*** Records for the exercise Section Begins ***

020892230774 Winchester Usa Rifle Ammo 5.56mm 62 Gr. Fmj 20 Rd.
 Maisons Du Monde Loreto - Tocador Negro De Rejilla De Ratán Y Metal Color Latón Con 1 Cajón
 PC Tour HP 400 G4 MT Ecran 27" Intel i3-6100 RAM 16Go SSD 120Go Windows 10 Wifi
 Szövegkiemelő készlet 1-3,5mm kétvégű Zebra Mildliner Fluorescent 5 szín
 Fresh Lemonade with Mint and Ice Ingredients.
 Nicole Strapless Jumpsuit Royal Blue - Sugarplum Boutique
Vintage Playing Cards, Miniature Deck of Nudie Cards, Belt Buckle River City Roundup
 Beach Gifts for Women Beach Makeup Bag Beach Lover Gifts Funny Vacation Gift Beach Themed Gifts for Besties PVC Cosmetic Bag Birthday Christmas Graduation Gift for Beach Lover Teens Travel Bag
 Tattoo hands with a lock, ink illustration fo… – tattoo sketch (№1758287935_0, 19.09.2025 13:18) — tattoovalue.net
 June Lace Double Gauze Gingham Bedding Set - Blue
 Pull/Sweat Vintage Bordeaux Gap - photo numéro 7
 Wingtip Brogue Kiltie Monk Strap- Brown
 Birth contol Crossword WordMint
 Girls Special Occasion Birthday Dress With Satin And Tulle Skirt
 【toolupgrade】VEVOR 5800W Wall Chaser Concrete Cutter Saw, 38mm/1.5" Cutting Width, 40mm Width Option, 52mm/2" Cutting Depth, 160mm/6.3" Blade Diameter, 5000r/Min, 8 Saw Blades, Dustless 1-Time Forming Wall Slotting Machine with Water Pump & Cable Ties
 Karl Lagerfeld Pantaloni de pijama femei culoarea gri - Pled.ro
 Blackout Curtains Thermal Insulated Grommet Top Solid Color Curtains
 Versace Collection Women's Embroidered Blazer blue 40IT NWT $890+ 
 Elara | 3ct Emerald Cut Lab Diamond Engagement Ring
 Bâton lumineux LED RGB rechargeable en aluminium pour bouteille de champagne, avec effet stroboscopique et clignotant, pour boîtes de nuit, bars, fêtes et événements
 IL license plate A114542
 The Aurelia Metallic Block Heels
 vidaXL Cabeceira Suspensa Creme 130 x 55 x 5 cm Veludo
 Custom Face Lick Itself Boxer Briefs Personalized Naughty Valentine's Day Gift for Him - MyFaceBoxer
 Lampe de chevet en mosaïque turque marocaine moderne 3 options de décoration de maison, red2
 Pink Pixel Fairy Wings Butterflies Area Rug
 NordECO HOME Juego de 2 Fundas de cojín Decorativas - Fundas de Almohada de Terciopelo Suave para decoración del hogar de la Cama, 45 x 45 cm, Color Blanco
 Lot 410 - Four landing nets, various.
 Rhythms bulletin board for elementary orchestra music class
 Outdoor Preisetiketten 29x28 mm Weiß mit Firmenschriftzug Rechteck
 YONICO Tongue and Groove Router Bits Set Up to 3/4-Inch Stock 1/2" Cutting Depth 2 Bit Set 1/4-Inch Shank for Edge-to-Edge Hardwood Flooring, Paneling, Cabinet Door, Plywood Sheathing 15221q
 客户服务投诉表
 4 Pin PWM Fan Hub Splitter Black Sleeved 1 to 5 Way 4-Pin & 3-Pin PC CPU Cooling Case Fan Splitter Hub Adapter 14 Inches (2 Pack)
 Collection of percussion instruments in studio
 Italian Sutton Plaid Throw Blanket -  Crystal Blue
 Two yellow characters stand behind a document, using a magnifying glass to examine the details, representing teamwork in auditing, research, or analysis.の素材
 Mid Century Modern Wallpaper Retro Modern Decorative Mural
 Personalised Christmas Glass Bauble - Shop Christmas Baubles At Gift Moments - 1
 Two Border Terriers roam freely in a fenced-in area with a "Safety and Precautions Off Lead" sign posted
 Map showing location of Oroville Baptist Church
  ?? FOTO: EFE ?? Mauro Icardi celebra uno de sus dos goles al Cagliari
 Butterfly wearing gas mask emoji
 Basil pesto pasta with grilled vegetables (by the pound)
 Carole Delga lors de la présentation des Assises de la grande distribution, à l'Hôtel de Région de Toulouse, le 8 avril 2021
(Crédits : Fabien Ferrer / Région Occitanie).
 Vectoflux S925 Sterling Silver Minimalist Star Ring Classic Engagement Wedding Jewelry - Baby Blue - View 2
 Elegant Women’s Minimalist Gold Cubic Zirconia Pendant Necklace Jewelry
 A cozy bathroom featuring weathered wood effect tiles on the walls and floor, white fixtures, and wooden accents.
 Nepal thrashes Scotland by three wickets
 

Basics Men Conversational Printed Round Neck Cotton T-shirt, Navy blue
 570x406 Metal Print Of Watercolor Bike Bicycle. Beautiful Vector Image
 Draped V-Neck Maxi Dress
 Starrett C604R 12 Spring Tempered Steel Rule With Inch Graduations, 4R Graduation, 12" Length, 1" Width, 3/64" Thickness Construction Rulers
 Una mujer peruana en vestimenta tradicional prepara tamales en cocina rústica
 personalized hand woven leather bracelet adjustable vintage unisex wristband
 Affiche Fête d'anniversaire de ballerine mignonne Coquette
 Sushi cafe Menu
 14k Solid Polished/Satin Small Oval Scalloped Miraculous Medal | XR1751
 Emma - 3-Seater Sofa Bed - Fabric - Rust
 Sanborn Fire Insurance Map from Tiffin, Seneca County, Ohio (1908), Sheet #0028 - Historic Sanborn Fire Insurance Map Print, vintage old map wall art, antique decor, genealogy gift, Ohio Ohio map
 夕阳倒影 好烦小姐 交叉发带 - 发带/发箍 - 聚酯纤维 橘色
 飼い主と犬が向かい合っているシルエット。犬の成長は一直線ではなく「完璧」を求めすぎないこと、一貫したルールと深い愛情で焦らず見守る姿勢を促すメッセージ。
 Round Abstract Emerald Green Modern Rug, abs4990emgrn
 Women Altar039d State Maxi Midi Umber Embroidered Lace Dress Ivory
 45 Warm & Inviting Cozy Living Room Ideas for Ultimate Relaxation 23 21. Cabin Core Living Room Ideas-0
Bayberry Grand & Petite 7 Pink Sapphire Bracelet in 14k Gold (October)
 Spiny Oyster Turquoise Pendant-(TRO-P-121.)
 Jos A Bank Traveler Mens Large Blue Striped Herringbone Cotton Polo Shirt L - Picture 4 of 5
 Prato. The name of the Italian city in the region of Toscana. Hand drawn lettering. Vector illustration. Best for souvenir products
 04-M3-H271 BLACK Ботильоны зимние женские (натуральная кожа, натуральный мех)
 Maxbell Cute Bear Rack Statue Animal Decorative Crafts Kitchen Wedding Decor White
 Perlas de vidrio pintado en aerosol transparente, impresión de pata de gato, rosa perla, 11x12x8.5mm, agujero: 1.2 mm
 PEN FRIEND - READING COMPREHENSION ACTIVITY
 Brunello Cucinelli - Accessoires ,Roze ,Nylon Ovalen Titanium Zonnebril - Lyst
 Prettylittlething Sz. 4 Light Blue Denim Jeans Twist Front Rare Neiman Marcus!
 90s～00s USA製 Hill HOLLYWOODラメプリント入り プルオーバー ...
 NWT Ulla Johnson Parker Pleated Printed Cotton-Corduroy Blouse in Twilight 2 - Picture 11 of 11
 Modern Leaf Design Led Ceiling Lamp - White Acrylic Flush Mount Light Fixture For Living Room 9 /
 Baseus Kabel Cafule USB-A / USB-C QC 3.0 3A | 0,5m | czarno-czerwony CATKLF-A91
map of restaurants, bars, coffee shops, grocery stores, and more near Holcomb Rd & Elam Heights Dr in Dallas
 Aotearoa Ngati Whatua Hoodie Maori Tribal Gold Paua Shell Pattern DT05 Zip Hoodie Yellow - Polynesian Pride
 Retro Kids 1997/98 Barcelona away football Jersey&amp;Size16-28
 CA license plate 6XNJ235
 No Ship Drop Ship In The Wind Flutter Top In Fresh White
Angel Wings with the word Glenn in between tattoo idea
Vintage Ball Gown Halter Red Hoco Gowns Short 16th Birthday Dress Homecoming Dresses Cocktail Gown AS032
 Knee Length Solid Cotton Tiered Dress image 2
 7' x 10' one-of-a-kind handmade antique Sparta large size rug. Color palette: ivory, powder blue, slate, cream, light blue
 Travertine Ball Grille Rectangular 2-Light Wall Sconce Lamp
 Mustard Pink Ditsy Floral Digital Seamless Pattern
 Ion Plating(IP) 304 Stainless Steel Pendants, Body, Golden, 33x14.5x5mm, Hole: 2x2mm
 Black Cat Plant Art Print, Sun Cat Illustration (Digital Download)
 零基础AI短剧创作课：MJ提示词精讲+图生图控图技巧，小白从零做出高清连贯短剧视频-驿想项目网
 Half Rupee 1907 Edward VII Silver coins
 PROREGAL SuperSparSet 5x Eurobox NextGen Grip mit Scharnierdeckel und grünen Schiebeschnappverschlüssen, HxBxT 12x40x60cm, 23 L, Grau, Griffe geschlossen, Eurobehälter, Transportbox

*** Records for the exercise Section Ends ***

__Assignment__: From the entries above, copy every line that holds the word "tattoo".

__Exercise result__:
 Tattoo hands with a lock, ink illustration fo… – tattoo sketch (№1758287935_0, 19.09.2025 13:18) — tattoovalue.net
Angel Wings with the word Glenn in between tattoo idea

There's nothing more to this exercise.